▸ Material to process:
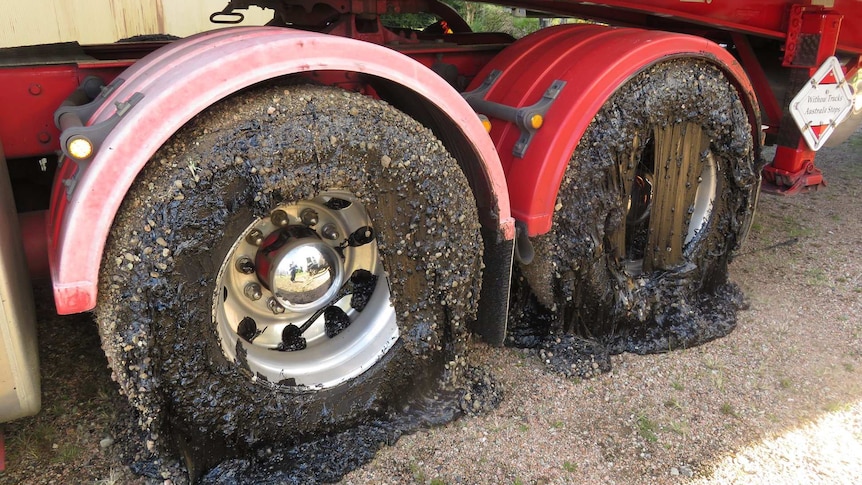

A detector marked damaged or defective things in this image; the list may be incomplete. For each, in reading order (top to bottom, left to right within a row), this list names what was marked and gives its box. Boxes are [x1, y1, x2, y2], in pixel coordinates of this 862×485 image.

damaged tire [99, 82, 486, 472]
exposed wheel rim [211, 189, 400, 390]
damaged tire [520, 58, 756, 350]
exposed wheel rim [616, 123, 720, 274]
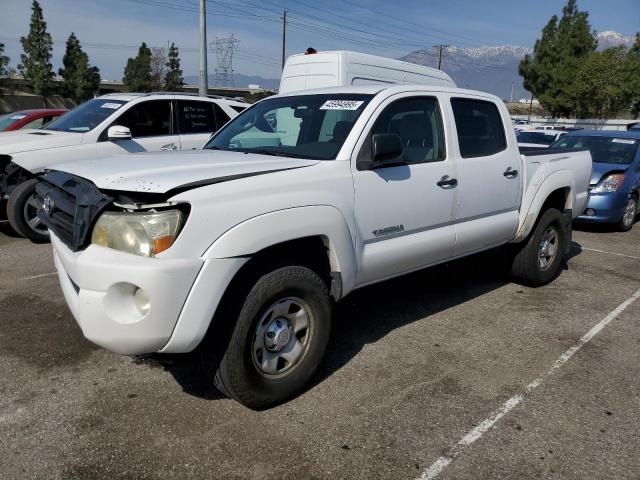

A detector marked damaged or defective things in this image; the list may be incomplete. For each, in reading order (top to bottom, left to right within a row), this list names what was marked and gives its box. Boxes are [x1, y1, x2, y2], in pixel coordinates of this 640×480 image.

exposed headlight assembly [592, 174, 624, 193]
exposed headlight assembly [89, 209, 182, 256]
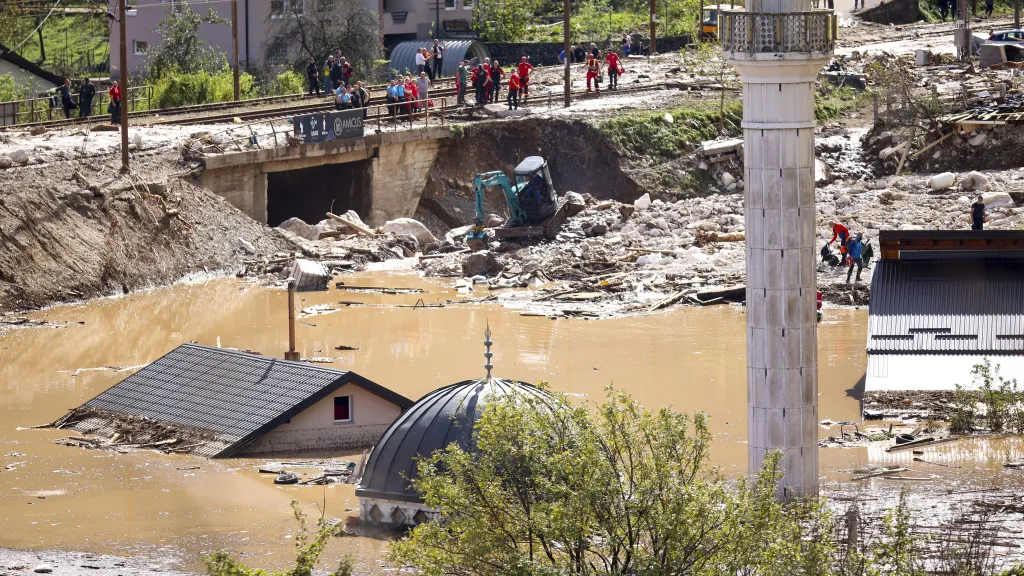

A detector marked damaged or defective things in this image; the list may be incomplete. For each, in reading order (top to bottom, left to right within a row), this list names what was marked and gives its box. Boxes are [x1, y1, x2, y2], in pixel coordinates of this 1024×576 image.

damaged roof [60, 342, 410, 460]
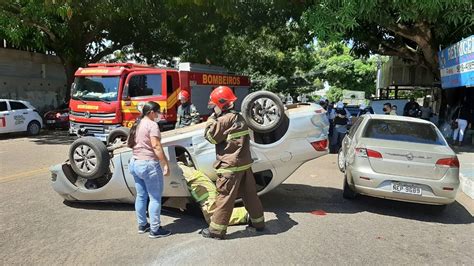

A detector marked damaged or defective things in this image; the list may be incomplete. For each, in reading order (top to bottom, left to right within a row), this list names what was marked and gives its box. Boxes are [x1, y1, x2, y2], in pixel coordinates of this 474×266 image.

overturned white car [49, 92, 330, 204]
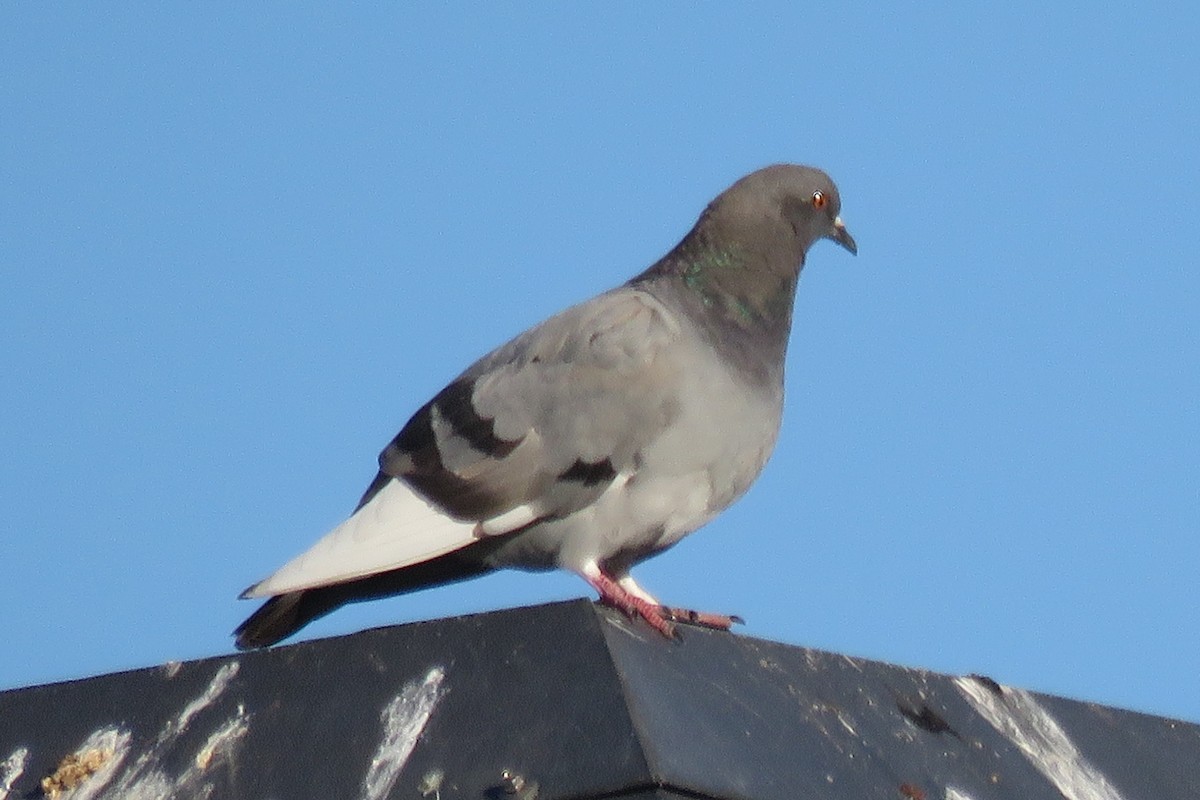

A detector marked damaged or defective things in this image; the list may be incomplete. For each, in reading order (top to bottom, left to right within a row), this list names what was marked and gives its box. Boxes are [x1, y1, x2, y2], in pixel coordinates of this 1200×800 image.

▸ Work instruction: Each line from the one that contains "this 474×266 image." to the end of the listing must be quoted exactly; no other line and no picture belongs in the copy.

▸ Problem solution:
A detector marked damaged or defective things in this image; the list may be incomplete. For each, in reading order (top to bottom, left to right within a row), this list names what was marked and gives its box. Boxes are [x1, y1, x2, y2], in pixel coordinates of this 474×266 image.

overturned white car [49, 92, 330, 204]

A detector marked damaged or defective things in this image; the list may be incomplete. For each, in reading order (top to bottom, left to right within a row), this list names what was marked and gives its box. Boxes are [x1, y1, x2, y2], in pixel coordinates of this 1200×800 image.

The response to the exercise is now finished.